LAKELAND, FLORIDA -- It's no secret that fans, media and players do not always agree about the game of baseball. A glance at Twitter any time a team bunts is enough to confirm that notion. A glance at a comments section -- DO NOT READ THE COMMENTS EXCEPT MAYBE OCCASIONALLY AT BYB, WE GUESS, BUT NEVER AFTER BUNTS -- would confirm it as well.
Yet listening to Tigers manager Brad Ausmus, with 23 years of professional experience (18 at the major league level), just talk about the game can be a pretty darn educational experience in itself. With that in mind, here are a few excerpts from his discussions with the media on Friday and Saturday:
On pointing out splits when discussing a player's season:
"It kind of irks me a little bit when people want to split players' seasons up. You say player X had a good year but he really struggled in the second half. He still had a good year. Guys are going to struggle at some point in the season.

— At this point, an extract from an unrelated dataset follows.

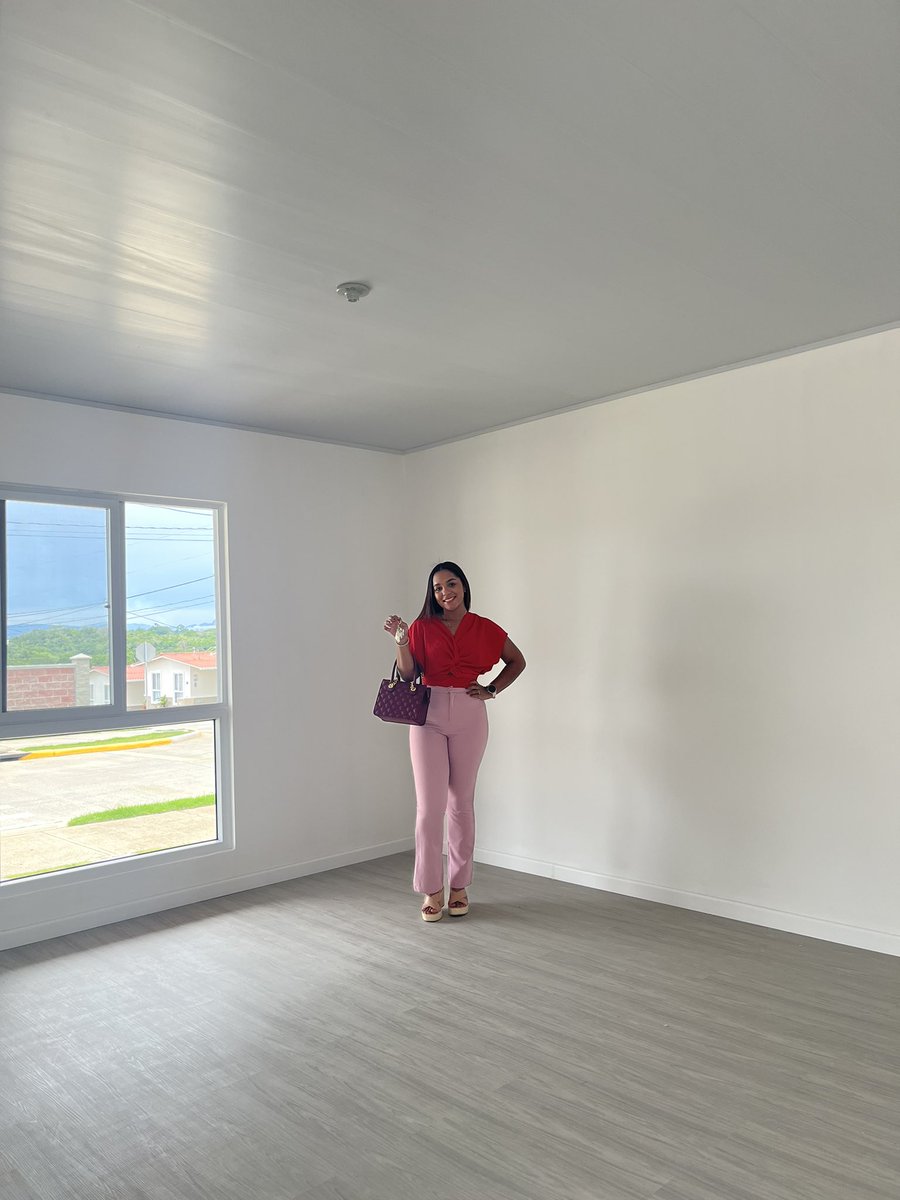 mariaftorresn's tweet photo. Disciplina, trabajo duro, y obediencia. Gracias Dios, que inició de Junio tan maravilloso🏡❤️✨ https://t.co/mJWQeYJRPb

It's more likely they struggle in the second half as they tire. You can't discount what they did in the first half. Games are just important to win as they are in the second half. You hear it the other way, too. Someone will say pitcher X, he struggled but he finished strong. Yeah, so?"
And yes, are the splits revealing something? Well ...
"I think as coaches you're trying to identify why was the second half (bad)? Was it because he tired, or was it because he overachieved in the first half, which can also be the case, based on what our experiences as coaches with players in baseball tells us. Yes he had a great first half, but was he -- and I'm not talking about anyone specifically -- we've seen guys with similar stuff, are his numbers way better than his stuff right now, and water's gonna find its level in the second half and did? Or is his stuff really as good as it was in the first half and he just struggled in the second half, that he was tired or his cannon got out of whack? So you have to try to identify the reasons why, rather than just look at the numbers.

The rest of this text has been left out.